#### [ACTIVITY]
Return exactly these lines and no others: the one containing "Load image into" and all that follow it to the end of the listing below.

#### [THE DATA]
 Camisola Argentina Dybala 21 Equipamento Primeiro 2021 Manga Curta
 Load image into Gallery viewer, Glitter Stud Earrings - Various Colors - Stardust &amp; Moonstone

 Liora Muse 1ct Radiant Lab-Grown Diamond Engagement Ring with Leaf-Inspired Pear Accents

#### [ANSWER TO THIS TASK]
 Load image into Gallery viewer, Glitter Stud Earrings - Various Colors - Stardust &amp; Moonstone

 Liora Muse 1ct Radiant Lab-Grown Diamond Engagement Ring with Leaf-Inspired Pear Accents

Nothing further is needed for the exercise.